Rocio Franch Oviedo

In recent years, courts across Europe and, in particular, the European Court of Human Rights (ECHR) have been following a trend in favour of accepting surrogacy in relation to the “child’s best interests”. In most cases, the Courts accept surrogacy, stating that it is better for a child to have a ‘known couple’ ready to take care of him than an unknown mother, even if the couple has been refused by an adoption processes.

The general principle from the Convention on the Rights of the Child states that the best interest of the child should be the priority in all matters concerning children. As the European Convention of Human Rights didn’t include this general principle, this concept is being developed by the jurisprudence of the European Court of Human Rights around Article 8 of the European Convention on Human Rights, which protects the right to have a family life. Nowadays, the ECHR trend is to understand ‘family life’ in more general terms, as any type of relationship between two or more individuals.

Nevertheless, across Europe, many individuals and civil organizations are against the practice of surrogacy. They oppose surrogacy not only because it is considered as contrary to children’s rights, but also because surrogacy can be considered as an exploitation of women and the indebt use of their reproductive organs, more so for those living in a situation of poverty or marginalization. In addition, surrogacy has severe short and long-term health risks for the woman. In Sweden, the Women’s Lobby started a campaign against the surrogacy motherhood Act that the Swedish government has promoted. The Swedish campaign against surrogacy states that surrogate motherhood is a trade with women’s bodies and children, as well as a threat to women’s basic human rights and bodily integrity.

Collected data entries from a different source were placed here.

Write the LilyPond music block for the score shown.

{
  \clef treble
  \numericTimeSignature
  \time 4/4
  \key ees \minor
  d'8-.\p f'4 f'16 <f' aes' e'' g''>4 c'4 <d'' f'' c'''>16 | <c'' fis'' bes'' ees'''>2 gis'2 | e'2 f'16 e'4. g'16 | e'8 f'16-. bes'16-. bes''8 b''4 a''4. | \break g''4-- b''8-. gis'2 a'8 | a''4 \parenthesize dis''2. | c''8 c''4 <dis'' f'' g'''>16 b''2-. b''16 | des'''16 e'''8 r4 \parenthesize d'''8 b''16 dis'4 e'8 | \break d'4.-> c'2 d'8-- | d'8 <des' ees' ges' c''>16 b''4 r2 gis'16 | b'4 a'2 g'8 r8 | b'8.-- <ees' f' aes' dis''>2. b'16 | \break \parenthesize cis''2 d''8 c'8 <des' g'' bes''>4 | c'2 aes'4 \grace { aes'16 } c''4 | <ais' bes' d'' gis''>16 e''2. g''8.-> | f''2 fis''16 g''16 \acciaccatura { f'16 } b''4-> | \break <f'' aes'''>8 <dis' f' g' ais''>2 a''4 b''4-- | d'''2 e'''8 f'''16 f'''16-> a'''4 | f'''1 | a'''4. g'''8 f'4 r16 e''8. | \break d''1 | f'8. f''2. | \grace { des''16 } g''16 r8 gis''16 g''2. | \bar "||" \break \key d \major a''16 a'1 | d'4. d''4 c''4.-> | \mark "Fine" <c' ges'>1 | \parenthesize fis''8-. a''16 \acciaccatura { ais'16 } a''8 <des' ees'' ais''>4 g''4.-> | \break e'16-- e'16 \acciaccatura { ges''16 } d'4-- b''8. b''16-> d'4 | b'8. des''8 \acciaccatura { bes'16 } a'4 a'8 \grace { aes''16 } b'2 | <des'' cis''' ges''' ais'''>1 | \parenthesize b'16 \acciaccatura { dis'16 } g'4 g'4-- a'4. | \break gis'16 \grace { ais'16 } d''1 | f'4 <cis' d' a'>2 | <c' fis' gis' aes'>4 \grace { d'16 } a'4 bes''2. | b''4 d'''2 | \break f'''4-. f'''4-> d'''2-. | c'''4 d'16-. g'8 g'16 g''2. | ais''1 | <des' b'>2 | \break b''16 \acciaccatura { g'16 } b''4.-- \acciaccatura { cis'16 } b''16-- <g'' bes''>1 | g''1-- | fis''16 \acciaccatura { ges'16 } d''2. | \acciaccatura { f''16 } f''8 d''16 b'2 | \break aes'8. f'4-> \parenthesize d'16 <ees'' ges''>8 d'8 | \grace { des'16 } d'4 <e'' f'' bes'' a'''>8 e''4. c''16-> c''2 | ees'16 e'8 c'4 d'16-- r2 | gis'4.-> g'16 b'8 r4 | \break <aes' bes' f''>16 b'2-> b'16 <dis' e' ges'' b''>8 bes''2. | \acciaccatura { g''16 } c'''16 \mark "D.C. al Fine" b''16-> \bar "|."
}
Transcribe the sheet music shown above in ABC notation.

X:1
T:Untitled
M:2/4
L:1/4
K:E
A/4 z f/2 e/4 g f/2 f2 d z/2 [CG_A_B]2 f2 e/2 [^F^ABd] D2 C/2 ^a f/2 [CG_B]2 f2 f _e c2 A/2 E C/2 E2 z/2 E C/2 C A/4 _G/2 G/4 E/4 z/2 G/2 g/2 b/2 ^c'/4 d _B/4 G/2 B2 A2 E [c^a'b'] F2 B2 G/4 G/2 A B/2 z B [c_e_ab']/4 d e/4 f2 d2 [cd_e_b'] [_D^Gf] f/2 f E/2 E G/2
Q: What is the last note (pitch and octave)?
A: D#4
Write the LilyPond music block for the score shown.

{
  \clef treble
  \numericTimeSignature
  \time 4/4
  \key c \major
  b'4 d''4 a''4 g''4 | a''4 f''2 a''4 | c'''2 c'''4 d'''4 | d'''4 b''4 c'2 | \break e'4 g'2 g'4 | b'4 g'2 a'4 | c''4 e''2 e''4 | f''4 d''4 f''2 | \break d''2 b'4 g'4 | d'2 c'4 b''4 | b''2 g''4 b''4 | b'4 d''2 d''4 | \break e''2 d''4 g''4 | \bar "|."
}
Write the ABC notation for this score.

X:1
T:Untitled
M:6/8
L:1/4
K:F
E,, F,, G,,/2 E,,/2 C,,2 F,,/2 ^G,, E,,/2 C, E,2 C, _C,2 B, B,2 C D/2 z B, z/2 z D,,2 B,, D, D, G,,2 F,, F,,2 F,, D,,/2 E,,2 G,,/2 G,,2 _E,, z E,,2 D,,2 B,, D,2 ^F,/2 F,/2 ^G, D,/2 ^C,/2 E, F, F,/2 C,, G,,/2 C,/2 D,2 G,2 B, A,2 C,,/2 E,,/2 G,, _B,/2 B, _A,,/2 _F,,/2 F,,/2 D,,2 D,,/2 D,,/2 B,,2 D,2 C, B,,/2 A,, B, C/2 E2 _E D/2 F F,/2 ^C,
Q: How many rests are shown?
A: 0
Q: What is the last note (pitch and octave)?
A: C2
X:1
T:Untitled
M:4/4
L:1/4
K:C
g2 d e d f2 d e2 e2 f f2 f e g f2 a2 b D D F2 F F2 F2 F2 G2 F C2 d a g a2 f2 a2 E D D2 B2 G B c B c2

In addition, surrogacy encourages the trade of buying/selling children and the exploitation of women for money or other benefits. By observing the experiences in countries where surrogacy without compensation is legal, (United States, Netherlands or United Kingdom) it is difficult to demonstrate that commercialization has not ensued. The European Women’s Lobby, the largest organization of women in Europe, maintains that in all cases the surrogacy practice means a trade of human beings.

However, in the European institutions surrogate motherhood has become a topic for debate. The Women’s rights Committee of the European Parliament has published in 2011 a report emphasising “that surrogate motherhood represents a commodification of both women’s bodies and children”. On the other hand, the European Court of Human Rights, as previously mentioned, has decided in favour of surrogacy in some recent cases (see for more information, cases as Mennesson v. France, Labasee v. France or Paradiso and Campanelli v. Italy).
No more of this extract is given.